§ **WHAT IS NEEDED**:
Repeat, please, only the lines from the top of the data down to the line with "Photo of property"; include both of those lines.

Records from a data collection
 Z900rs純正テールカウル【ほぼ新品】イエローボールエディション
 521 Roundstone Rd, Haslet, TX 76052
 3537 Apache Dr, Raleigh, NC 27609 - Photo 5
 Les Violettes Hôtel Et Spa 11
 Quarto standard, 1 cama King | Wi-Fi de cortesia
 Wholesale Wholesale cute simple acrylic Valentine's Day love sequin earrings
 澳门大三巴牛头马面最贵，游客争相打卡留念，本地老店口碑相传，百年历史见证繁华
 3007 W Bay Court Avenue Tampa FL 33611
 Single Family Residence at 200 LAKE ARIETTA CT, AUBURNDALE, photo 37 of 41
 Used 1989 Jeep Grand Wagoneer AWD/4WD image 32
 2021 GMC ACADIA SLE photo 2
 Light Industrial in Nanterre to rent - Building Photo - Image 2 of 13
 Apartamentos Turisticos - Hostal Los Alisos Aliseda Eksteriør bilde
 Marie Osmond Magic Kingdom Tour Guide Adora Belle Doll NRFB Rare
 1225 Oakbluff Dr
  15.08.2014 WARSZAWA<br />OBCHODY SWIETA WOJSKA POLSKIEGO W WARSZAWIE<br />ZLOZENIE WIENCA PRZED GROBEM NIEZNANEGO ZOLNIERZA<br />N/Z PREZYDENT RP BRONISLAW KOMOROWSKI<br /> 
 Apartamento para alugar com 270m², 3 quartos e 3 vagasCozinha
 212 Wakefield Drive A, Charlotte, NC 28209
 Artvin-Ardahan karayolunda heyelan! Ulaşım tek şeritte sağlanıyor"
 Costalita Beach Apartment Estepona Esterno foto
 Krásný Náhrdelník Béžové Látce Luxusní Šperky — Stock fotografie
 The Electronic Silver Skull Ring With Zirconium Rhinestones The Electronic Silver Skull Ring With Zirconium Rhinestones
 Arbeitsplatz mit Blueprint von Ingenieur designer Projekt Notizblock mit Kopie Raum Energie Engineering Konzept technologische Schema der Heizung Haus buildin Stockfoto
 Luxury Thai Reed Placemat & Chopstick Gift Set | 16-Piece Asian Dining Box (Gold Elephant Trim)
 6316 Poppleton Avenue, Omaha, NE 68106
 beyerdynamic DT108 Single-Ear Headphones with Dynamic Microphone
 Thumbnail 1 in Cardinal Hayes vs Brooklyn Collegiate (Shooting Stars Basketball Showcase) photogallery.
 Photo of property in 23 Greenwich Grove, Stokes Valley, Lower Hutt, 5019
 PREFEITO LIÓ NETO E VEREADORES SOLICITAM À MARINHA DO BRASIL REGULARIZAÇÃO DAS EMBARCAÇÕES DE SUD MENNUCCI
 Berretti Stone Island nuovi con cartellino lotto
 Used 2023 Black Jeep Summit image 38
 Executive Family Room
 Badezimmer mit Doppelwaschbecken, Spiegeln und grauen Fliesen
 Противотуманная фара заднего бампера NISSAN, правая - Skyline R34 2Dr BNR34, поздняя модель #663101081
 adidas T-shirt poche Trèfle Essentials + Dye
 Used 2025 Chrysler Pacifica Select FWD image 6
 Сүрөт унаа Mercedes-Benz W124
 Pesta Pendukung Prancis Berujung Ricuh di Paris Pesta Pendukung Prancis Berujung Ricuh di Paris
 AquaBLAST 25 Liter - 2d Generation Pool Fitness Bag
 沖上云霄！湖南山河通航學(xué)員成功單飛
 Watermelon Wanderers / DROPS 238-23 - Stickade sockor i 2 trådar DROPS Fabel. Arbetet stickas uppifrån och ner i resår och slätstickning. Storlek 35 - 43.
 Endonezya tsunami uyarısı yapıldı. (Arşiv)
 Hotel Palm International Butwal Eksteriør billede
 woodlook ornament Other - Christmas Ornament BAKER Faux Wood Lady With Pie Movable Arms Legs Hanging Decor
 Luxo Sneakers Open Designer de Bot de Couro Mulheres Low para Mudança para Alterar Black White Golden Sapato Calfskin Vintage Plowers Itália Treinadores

§ **EXERCISE SOLUTION**:
 Z900rs純正テールカウル【ほぼ新品】イエローボールエディション
 521 Roundstone Rd, Haslet, TX 76052
 3537 Apache Dr, Raleigh, NC 27609 - Photo 5
 Les Violettes Hôtel Et Spa 11
 Quarto standard, 1 cama King | Wi-Fi de cortesia
 Wholesale Wholesale cute simple acrylic Valentine's Day love sequin earrings
 澳门大三巴牛头马面最贵，游客争相打卡留念，本地老店口碑相传，百年历史见证繁华
 3007 W Bay Court Avenue Tampa FL 33611
 Single Family Residence at 200 LAKE ARIETTA CT, AUBURNDALE, photo 37 of 41
 Used 1989 Jeep Grand Wagoneer AWD/4WD image 32
 2021 GMC ACADIA SLE photo 2
 Light Industrial in Nanterre to rent - Building Photo - Image 2 of 13
 Apartamentos Turisticos - Hostal Los Alisos Aliseda Eksteriør bilde
 Marie Osmond Magic Kingdom Tour Guide Adora Belle Doll NRFB Rare
 1225 Oakbluff Dr
  15.08.2014 WARSZAWA<br />OBCHODY SWIETA WOJSKA POLSKIEGO W WARSZAWIE<br />ZLOZENIE WIENCA PRZED GROBEM NIEZNANEGO ZOLNIERZA<br />N/Z PREZYDENT RP BRONISLAW KOMOROWSKI<br /> 
 Apartamento para alugar com 270m², 3 quartos e 3 vagasCozinha
 212 Wakefield Drive A, Charlotte, NC 28209
 Artvin-Ardahan karayolunda heyelan! Ulaşım tek şeritte sağlanıyor"
 Costalita Beach Apartment Estepona Esterno foto
 Krásný Náhrdelník Béžové Látce Luxusní Šperky — Stock fotografie
 The Electronic Silver Skull Ring With Zirconium Rhinestones The Electronic Silver Skull Ring With Zirconium Rhinestones
 Arbeitsplatz mit Blueprint von Ingenieur designer Projekt Notizblock mit Kopie Raum Energie Engineering Konzept technologische Schema der Heizung Haus buildin Stockfoto
 Luxury Thai Reed Placemat & Chopstick Gift Set | 16-Piece Asian Dining Box (Gold Elephant Trim)
 6316 Poppleton Avenue, Omaha, NE 68106
 beyerdynamic DT108 Single-Ear Headphones with Dynamic Microphone
 Thumbnail 1 in Cardinal Hayes vs Brooklyn Collegiate (Shooting Stars Basketball Showcase) photogallery.
 Photo of property in 23 Greenwich Grove, Stokes Valley, Lower Hutt, 5019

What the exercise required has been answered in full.